Roman-Noir – Dunkle Seiten für dunkle Zeiten
Korruption, Bestechung, Betrug, Geldwäsche – nie sah es so düster aus auf der Welt. Global stehen die Zeiger auf fünf vor zwölf. Doch bevor uns allen die Stunde schlägt, wird die Uhr sechzig Minuten zurückgestellt. Diese geschenkte Stunde nutzen SWR2 und NDR gemeinsam, und das gleich siebenfach: In der „Winterzeit“ bringen wir sieben Stundenhörspiele nach den gleichnamigen Politthrillern von Dominique Manotti ins Programm, die im Argument Verlag/ Ariadne erschienen sind. Die Reihe besteht aus drei Zweiteilern und einem Einteiler. Sie läuft 2019/ 20 von der Zeitumstellung in die Winter- bis zur Zeitumstellung in die Sommerzeit. Alle Noir-Stücke für die dunkle Jahreshälfte wurden neu produziert und werden nun nacheinander urgesendet.
Dominique Manotti (geboren 1942 in Paris) steht als Name einzigartig für den politisch brisanten Roman noir. Sie verbindet verbürgte Fälle mit fiktionalisierten und frei erfundenen Momenten, wobei sie die Fantasie stets in den Dienst einer gesellschaftlichen Analyse stellt. Ihre fundamentale Kritik der globalen Verhältnisse ist frei von Pathos und aufdringlichen ideologischen Ausdeutungen.
Mit „Ausbruch“, einem Kriminalhörspiel in zwei Teilen, beginnt die Werkschau, die sich aus dem umfangreichen Œuvre dieser engagierten Autorin exemplarisch vier Titel herausgreift.

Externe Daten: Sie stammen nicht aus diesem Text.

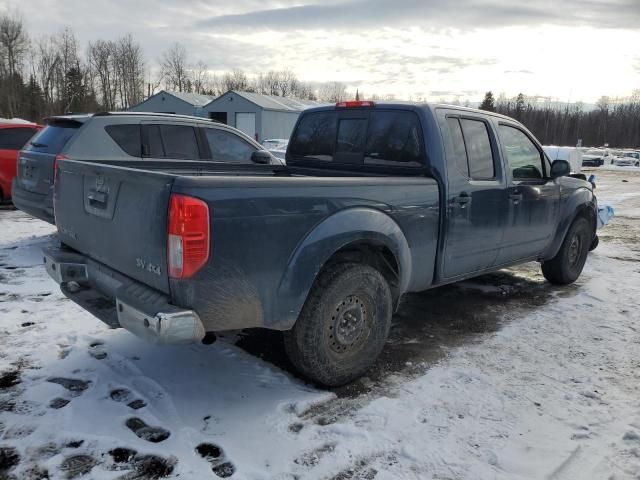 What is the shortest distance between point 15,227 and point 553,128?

Italien 1987: Der junge Kleinkriminelle Filippo Zuliani freundet sich im Gefängnis mit Carlo an, einem politischen Gefangenen der extremen Linken. Carlo ist ein Charismatiker, den Filippo bewundert. Gemeinsam gelingt ihnen die Flucht. Die für Carlo bei einem Banküberfall in Mailand tragisch endet – was Filippo wiederum in eine Krise stürzt. In Paris sucht er den Kontakt zu Exil-Italienern, und um eine ehemalige Aktivistin zu beeindrucken, versucht er, seine Geschichte aufzuschreiben. Das Buch verspricht, ein Bestseller zu werden – aber ist das Ganze nicht reine Fiktion? Als Schelm und Hochstapler gerät Filippo zwischen die Fronten aus Polit-Exilanten, linken Aktivistinnen, italienischer Polizei und Geheimdiensten. Manottis Roman über den kleinen Gauner Filippo Zuliani, der durch seine Knastbekanntschaft mit einem Kopf der Roten Brigaden in die links-intellektuellen Kreise von Paris aufsteigt und zum gefeierten Romanautor avanciert, rollt eine wichtige Phase der italienischen Geschichte wieder auf, ohne dabei in Revolutionsromantik zu verfallen.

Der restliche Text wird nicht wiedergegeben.